Si no lo hace, estará violando con su omisión los derechos humanos del policía o los policías agredidos, pues éstos tienen derecho, como cualquier persona, a que se persigan con la mayor eficacia y la mayor diligencia posibles los delitos de que fueren víctimas.
Un servidor público puede violar derechos humanos no únicamente mediante acciones, sino también mediante omisiones cuando éstas suponen el incumplimiento de su deber. El Ministerio Público que omite perseguir los delitos de que tiene noticia viola los derechos humanos de las víctimas de esos delitos.
En tales casos, no es función del ombudsman, por supuesto, amonestar al particular que cometió la conducta delictuosa, pero sí lo es señalar que la inacción del organismo encargado de perseguir los delitos es violatoria de los derechos humanos del ofendido por tal conducta.

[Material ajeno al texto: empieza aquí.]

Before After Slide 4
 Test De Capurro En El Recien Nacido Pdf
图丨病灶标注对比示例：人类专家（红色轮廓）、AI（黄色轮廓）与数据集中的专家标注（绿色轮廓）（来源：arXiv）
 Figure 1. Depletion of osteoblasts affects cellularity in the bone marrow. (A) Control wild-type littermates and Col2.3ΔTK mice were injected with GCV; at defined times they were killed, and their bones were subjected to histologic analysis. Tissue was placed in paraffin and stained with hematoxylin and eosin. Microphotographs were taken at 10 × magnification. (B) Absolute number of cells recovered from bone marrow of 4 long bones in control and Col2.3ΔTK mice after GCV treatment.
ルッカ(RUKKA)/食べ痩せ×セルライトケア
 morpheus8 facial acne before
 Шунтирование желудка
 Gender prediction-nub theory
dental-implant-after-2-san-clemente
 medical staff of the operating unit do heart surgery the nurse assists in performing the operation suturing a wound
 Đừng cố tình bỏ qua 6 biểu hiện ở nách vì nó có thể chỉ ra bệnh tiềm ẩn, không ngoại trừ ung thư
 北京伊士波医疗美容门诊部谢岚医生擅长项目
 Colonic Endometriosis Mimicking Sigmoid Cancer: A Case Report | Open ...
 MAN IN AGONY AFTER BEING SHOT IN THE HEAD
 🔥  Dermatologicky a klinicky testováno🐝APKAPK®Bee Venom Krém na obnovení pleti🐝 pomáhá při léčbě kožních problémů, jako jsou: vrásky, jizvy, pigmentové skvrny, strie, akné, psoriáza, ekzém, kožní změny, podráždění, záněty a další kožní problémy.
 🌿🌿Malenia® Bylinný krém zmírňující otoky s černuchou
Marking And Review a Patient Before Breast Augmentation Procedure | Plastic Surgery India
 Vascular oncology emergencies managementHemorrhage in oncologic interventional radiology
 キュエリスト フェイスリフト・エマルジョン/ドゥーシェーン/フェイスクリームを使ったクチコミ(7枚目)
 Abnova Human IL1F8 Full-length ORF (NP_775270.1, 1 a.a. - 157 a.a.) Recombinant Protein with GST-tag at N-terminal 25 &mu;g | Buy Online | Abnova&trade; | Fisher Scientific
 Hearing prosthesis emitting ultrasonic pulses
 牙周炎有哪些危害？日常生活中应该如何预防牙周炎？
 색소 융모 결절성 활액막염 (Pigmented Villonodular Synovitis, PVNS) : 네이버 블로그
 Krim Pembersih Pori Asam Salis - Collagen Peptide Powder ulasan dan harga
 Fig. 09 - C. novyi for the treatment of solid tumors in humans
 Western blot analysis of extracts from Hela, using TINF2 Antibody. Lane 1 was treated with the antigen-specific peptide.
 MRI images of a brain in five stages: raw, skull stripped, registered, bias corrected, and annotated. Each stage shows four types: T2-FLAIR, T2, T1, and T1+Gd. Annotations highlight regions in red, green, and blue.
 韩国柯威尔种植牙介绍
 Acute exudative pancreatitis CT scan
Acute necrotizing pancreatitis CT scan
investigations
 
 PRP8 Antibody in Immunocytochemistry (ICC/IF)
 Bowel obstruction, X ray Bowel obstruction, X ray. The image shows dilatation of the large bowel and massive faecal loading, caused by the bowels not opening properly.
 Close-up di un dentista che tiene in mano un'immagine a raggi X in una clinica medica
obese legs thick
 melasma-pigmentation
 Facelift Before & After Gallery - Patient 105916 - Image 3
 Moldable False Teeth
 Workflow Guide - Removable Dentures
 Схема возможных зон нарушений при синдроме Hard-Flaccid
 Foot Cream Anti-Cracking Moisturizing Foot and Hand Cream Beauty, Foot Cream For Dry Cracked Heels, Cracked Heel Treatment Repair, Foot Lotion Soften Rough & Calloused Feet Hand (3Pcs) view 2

El defensor de los derechos humanos, entonces, debe exigir al titular del Ministerio Público, el procurador de justicia, que tome las medidas adecuadas para que cese la omisión y, en consecuencia, se inicie y se tramite el debido procedimiento penal.
Nos enteramos por los medios, y a veces por testimonios de conocidos si no es que por la propia experiencia, que los policías mexicanos suelen cometer atropellos, los cuales en ningún caso deben pasarse por alto. Pero también tenemos noticia de que, en ocasiones no infrecuentes, los policías son objeto de ataques, cuya saña y crueldad no pueden ser soslayadas o subestimadas.
Agentes policiacos a los que se toma como rehenes en aras de una exigencia, a los que se prende fuego arrojándoles una bomba incendiaria, a los que se embiste con varillas o con bloques de cemento, a los que se mutila a machetazos o a los que se asesina, son víctimas de delitos que en un Estado de derecho no deben quedar impunes.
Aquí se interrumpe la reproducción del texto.